@Maro36: Dzięki za komentarz i rzeczowość! Wychodzi, że chyba mam dość podobne rezultaty. Za radą innego użytkownika tego forum moc maksymalną c.o. ograniczyłem do 10kW (kocioł często z nią startuje ale potem i tak szybko moduluje do minimalnej 4kW), krzywą grzewczą sterownik sam mi dobrał na 0,5-0,6 (na początku dość szybko zszedł z 2,0 do 1,2 i później 0,8, natomiast przy największych mrozach, na początku stycznia, zszedł do 0,5 ale potem raz podniósł do 0,6 - teraz wrócił do krzywej 0,5, w domu grzejniki plus 3 nieduże pola ogrzewania podłogowego), tryb pracy termostat (czyli uwzględniający temperaturę czujnika pokojowego), temperatura zadana c.w.u. 49. Temperatura zadana pomieszczenia 21.
@husky: Pytałeś o spostrzeżenia z największych mrozów. Moje spostrzeżenie jest takie - większe spalanie gazu ;) U mnie z około 5-6m3 na dobę wcześniej, do około 10-12m3 w największe mrozy. Ale moje notatki odnośnie spalanie nie są do końca miarodajne, bo palę też w kominku. Słyszałem, że w pierwszy sezon spalanie paliwa jest większe a ponieważ chciałbym się zmieścić w taryfie W-2.12T (nie wiem czy mi się uda), to staram się nieco wspomagać ogrzewanie kominkiem.
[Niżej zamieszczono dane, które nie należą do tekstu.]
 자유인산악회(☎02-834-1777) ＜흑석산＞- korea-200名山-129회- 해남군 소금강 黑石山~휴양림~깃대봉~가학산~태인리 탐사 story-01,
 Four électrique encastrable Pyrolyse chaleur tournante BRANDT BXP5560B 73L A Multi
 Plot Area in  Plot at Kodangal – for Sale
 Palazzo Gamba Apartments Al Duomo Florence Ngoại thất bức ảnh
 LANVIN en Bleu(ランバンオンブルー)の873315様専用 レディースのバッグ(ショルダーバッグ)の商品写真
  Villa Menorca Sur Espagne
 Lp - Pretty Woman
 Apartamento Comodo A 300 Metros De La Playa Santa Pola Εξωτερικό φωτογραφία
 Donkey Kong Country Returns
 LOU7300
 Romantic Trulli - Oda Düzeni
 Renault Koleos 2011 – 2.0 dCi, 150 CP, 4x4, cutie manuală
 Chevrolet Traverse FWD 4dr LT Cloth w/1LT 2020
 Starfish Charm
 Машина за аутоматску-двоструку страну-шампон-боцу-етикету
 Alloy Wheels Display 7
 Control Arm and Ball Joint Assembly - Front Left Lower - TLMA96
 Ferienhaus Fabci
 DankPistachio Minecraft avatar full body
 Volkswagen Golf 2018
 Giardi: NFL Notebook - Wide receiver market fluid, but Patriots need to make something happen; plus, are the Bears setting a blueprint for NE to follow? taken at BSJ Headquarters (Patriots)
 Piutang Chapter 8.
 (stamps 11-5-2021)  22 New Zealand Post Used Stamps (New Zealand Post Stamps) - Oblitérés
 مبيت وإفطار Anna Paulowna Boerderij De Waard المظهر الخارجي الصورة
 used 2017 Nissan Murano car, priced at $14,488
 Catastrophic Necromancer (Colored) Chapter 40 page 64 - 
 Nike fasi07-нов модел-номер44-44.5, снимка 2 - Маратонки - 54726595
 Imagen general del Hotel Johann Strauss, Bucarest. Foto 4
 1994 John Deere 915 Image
Mam jeszcze jedno spostrzeżenie. Podobnie jak u Ciebie, w największy mróz zaliczyłem awarię. Śmieszna, w porównaniu do Twojej, ale zdarzyła się. Przy wypuszczaniu kota na nocną tułaczkę, rozjechała mi się regulacja okna tarasowego na ruchomym słupku. Mimo tego, że przez dwie godziny walczyłem w nocy z otwartym oknem przy minus 15, to nie udało mi się tego ustawić. Dopiero rano przy świetle dziennym okno udało się wyregulować i zamknąć. Spostrzeżenie? Jak coś ma mieć awarię, to prawdopodobnie stanie się to w najmniej odpowiednim momencie.